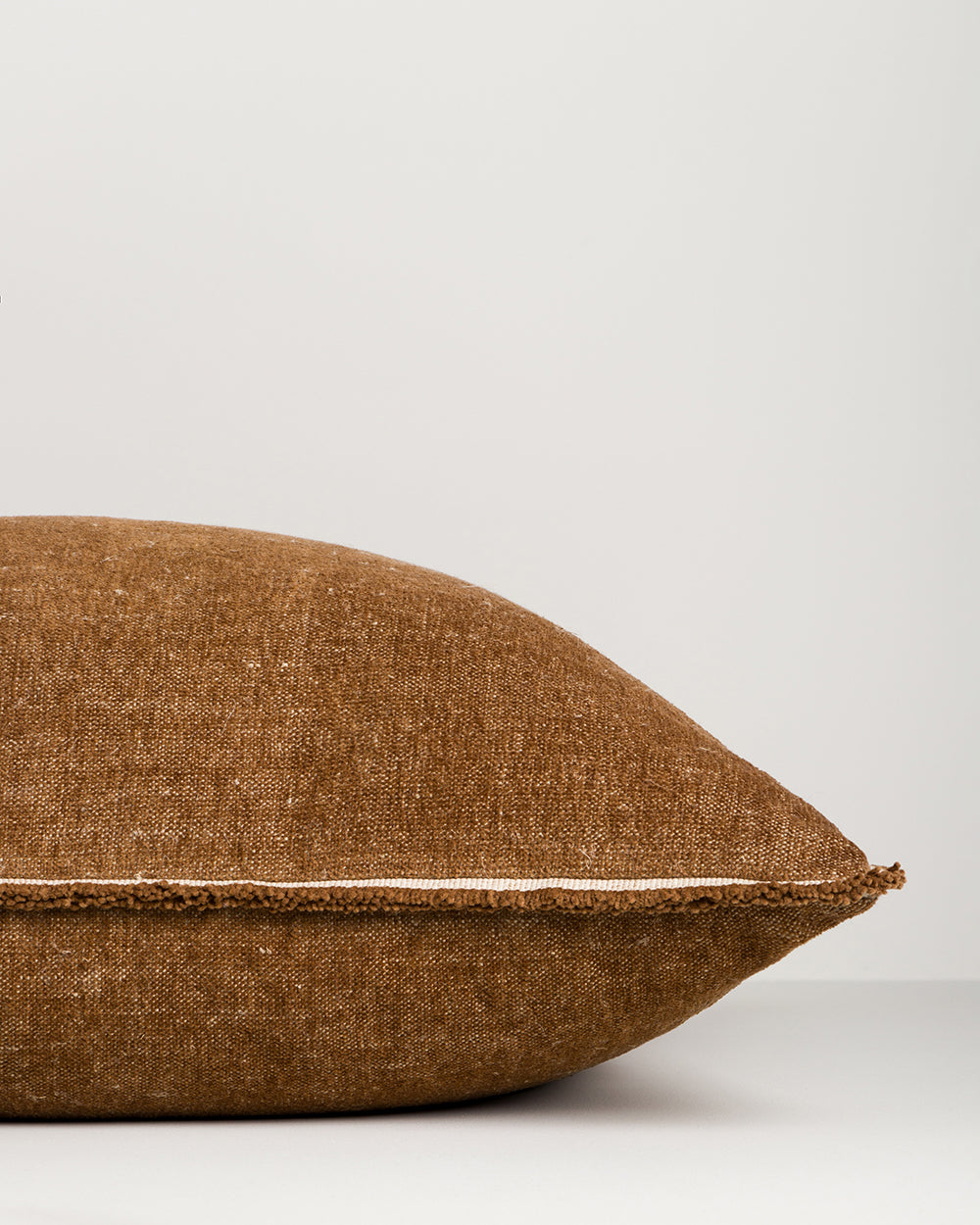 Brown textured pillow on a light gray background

...

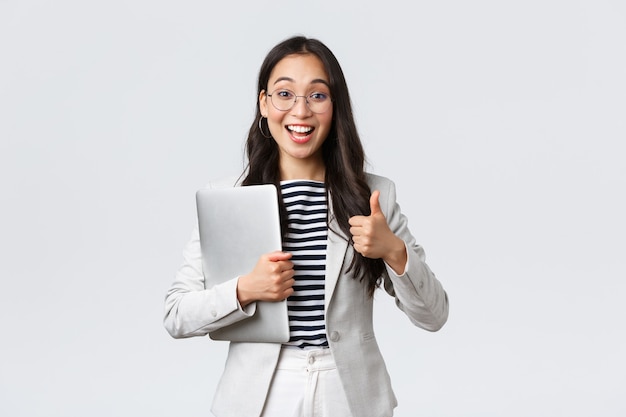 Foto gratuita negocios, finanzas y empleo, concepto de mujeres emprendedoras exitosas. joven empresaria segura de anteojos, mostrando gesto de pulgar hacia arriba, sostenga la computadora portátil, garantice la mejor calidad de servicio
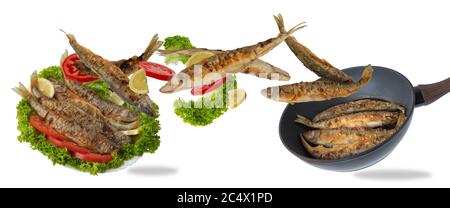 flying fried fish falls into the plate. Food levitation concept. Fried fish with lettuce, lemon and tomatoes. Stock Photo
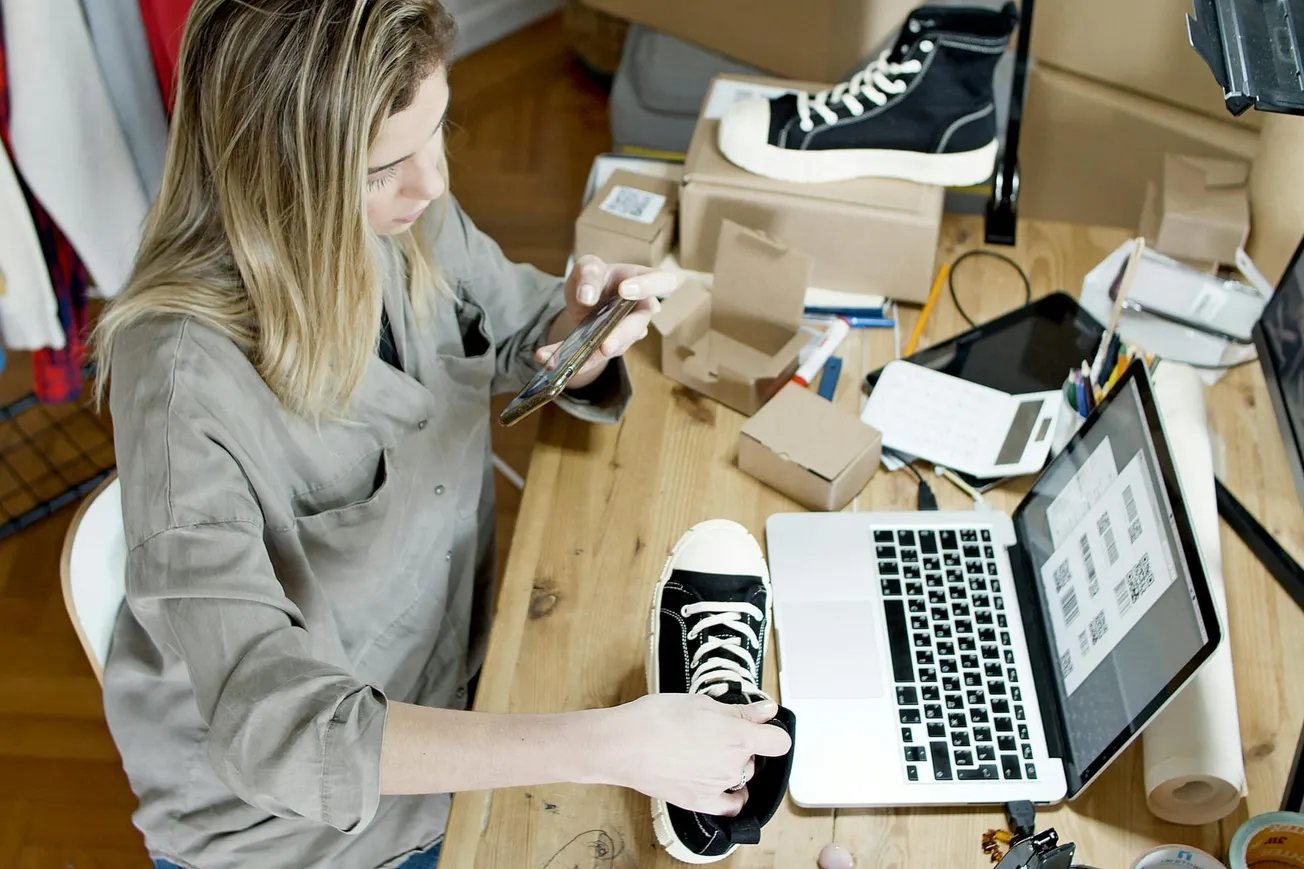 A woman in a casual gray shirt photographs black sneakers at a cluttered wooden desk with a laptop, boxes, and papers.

---

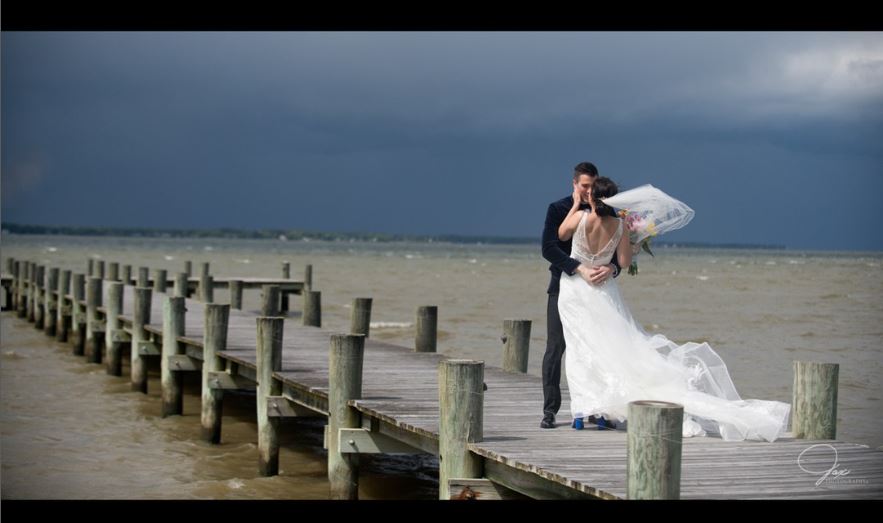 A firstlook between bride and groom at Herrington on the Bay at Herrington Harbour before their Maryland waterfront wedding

▶ [WORK REQUIRED]
The lines to reproduce run from the one above containing "Foto gratuita negocios, finanzas" through the one containing "A woman in a". Copy them exactly and leave out all pictures.

▶ [TASK RESPONSE]
 Foto gratuita negocios, finanzas y empleo, concepto de mujeres emprendedoras exitosas. joven empresaria segura de anteojos, mostrando gesto de pulgar hacia arriba, sostenga la computadora portátil, garantice la mejor calidad de servicio
 flying fried fish falls into the plate. Food levitation concept. Fried fish with lettuce, lemon and tomatoes. Stock Photo
 A woman in a casual gray shirt photographs black sneakers at a cluttered wooden desk with a laptop, boxes, and papers.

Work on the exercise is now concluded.